18. Role of Statutory Auditors
(a) In case any falsification of accounts on the part of the borrowers is observed by the lender, and the auditors are found to be negligent or deficient in conducting the audit, the lender shall consider lodging a formal complaint against the statutory auditors of the borrowers with the National Financial Reporting Authority (NFRA)/ Institute of Chartered Accountants of India (ICAI) to enable them to examine and fix accountability of the auditor.
(b) Pending disciplinary action by NFRA/ ICAI, the complaints shall be forwarded to the Reserve Bank (Department of Supervision, Central Office) and Indian Banks’ Association (IBA). Before reporting to the Reserve Bank and IBA, lenders shall satisfy themselves of the involvement of concerned auditors and also provide them with an opportunity of being heard. In this regard, the lenders should follow normal procedures and processes, which shall be suitably recorded.

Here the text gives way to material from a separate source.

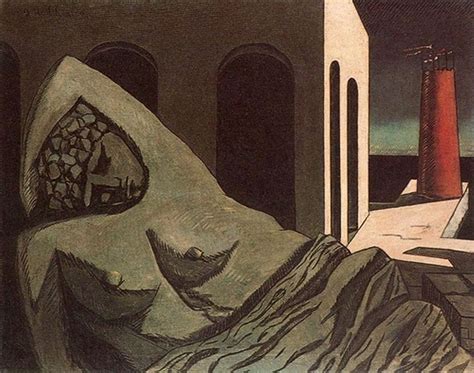 Giorgio De Chirico Grc De Chirico Metaphysical Art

(c) Based on such information received from lenders, IBA shall, in turn, prepare a caution list of such auditors for circulation among the lenders, who must consider this aspect before assigning any work to them.
(d) With a view to monitoring the end-use of funds, if the lender desires a specific certification from the borrowers’ auditors regarding diversion/siphoning of funds by the borrowers, the lender should award a separate mandate to the auditors for the purpose. To facilitate such certification by the auditors, the lenders shall ensure that appropriate covenants in the loan agreements are incorporated to enable the award of such a mandate by the lenders to the auditor.

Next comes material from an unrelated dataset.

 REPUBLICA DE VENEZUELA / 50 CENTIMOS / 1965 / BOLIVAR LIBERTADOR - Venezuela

(e) In addition to the above and with a view to preventing diversion/ siphoning of funds by the borrowers, the lenders are free to engage their own auditors for such specific certification without relying on certification given by borrowers’ auditor.
(f) Depending upon the nature of the borrowers’ acts underlying the wilful default and the quality of evidence available with the lenders in the normal course, the lender shall consider commissioning a forensic audit of the affairs of the borrowers and their books of accounts, in respect of accounts with an outstanding above a threshold fixed by the board approved policy of the lender.
19. Role of third parties
(a) As prescribed in para 8.12.4 of the Master Direction on Frauds – Classification and Reporting by commercial banks and select FIs dated July 01, 2016 (as updated from time to time), in case of wilful defaults also there should be some accountability for the third parties engaged by the lender, if they have played a vital role in credit sanction/ disbursement and are found negligent or deficient in their work or have facilitated the wilful default by the borrower.

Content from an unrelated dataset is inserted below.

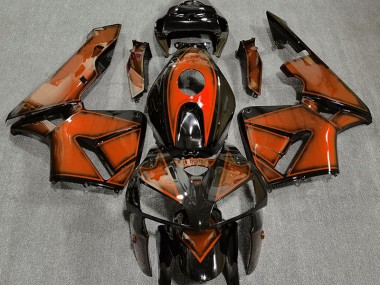 Orange Foncé 05-06 Honda CBR600RR Carénage Moto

(b) The lender shall forward the details of these third parties to the Indian Banks’ Association (IBA) for records. Based on such information, IBA shall, in turn, prepare caution lists of such third parties for circulation among the lenders who shall consider this aspect before assigning any work to them.
(c) Before reporting to IBA, lenders have to satisfy themselves of the involvement of concerned third parties and also provide them with an opportunity of being heard. In this regard, the lenders are advised to follow due process, which shall be suitably recorded.
20. With these Directions coming into force, the instructions/ guidelines contained in the circulars mentioned in the Appendix, issued by the Reserve Bank stand repealed.
21. All approvals/ acknowledgments given under the above circulars shall be valid as if given under these Directions.
22. All acts done under the repealed circulars till the date of coming into force of these Directions shall be valid.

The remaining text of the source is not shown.